Dopo
È finita. Tutto è ovattato, come quando la febbre è passata ma ancora non stai bene. Mi muovo lentamente, mi aggiro per casa disorientato. Elena mi prepara una pasta, non so neppure io cosa mi va di mangiare e se mi va di mangiare. Nel dubbio, decido di mangiare, anche se sono già le tre e mezzo quando mi siedo debolmente in cucina. Mi sembra di essere un paziente sotto osservazione, per fortuna Elena è affettuosa e evita asserzioni, usuali durante la preparazione, del tipo “il male voluto non è mai troppo” perché adesso soccomberei. Ho bisogno di cura e non che mi si ricordi che se sono fava e mi vado a autodistruggere è colpa mia.
Mangio meccanicamente, non riesco a gustarmi i maccheroni integrali (ben cento grammi!) con un ricco sugo di pomodoro che mi vengono serviti amorevolmente.

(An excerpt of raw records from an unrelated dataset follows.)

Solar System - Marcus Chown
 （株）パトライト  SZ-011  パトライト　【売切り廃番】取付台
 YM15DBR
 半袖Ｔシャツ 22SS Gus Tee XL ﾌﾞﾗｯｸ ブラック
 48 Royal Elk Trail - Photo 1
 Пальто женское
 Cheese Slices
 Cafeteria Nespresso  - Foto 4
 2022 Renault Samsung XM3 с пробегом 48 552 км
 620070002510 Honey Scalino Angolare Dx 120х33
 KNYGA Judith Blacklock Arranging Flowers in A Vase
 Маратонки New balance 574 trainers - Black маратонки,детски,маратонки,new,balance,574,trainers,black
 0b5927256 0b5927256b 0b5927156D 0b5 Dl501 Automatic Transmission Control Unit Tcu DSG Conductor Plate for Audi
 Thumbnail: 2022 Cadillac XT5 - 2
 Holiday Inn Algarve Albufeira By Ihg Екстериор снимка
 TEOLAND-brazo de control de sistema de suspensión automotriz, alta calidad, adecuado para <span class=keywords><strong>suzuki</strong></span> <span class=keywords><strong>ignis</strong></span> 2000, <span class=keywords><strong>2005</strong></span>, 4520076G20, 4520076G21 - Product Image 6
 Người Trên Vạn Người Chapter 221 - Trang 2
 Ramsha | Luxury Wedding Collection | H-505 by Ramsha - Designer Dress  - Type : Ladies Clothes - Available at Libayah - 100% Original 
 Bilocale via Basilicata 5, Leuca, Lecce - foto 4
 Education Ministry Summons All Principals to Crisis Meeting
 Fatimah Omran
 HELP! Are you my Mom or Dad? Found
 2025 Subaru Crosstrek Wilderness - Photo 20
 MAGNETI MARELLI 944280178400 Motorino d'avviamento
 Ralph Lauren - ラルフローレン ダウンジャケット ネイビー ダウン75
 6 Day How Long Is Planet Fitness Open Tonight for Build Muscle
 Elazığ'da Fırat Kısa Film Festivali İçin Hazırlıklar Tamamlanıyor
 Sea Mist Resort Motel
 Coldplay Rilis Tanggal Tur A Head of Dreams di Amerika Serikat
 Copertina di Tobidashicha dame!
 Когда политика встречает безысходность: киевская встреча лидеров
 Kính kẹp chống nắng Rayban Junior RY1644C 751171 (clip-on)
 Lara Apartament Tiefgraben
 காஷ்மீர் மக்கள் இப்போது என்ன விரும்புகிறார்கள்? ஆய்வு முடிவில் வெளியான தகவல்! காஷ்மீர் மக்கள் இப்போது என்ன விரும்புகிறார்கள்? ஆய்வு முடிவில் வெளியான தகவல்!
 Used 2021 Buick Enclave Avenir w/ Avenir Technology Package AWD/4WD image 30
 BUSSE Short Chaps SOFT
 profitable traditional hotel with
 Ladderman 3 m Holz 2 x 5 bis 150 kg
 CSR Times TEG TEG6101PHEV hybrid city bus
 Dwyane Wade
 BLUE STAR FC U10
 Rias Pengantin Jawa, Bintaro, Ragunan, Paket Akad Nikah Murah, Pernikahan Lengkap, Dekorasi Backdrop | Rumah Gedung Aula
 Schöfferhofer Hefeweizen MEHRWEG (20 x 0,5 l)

Poi alzo e mi indirizzo, sempre lentamente verso il letto. Sono troppo stanco per dormire e soprattutto non so dove mettere le gambe: in qualunque posizione sono a rischio crampo, c’è poco da fare: per ogni muscolo che stendo ce n’è senz’altro uno che invece si contrae... una posizione che trovo rilassante è su un fianco con le gambe né stese né piegate, una via di mezzo che non mi mette troppo a rischio ma non soddisfa davvero nessun muscolo, desideroso di stendersi totalmente.
Un riposino faticoso, come quando si dorme con la febbre.
Quando mi alzerò, sempre con grande cautela anche nel ruotare le gambe da sdraiate a verticali, quasi che le ginocchia possano piegarsi di lato e non nel verso giusto, sarò ancora stanco ma un po’ meno.
Quando mi alzerò domani mattina sarò stronco ma ancora un po’ meno. In ufficio camminerò più lentamente del solito, con particolare attenzione ai cambi di direzione e, ahi ahi, ai gradini, sia in su che in giù. Però via via che passa il tempo, mi accorgerò che cammino con minor difficoltà fino a che, magari martedì, realizzerò che non ci sto più facendo attenzione e sto camminando normalmente. Ma sarò contento di ubbidire al comandamento di Fulvio di aspettare almeno una settimana prima di calzare di nuovo le scarpe da corsa.
Di tanto in tanto, mentre sono da solo, penserò con piacere e orgoglio all’impresa, mi commuoverò anche un po’ a ripercorrere quegli ultimi chilometri, però potrò, senza mancanza, aspettare ancora qualche giorno senza correre.
La morale, dunque. È molto semplice: l’importante è arrivare sano. Tutto il resto viene dopo.
Dopo si ricorderà solo di avercela fatta, o magari di aver fatto un buon tempo rispetto all’anno precedente, di essersi migliorato. Ma è un sovrappiù. Per poter festeggiare bisogna esserci. E essere sani. Ce l’ho fatta. Ci ho messo ventidue minuti meno dell’anno scorso ma soprattutto ho sofferto meno e sono arrivato più integro.
La lista del giorno prima! La devo aggiornare: la prossima volta sarà bene che consideri anche i guanti, poi magari decido di non prenderli ma deve essere una scelta. Allora ricordiamoci di modificare il file, sennò poi alla fine me li scordo: i guanti!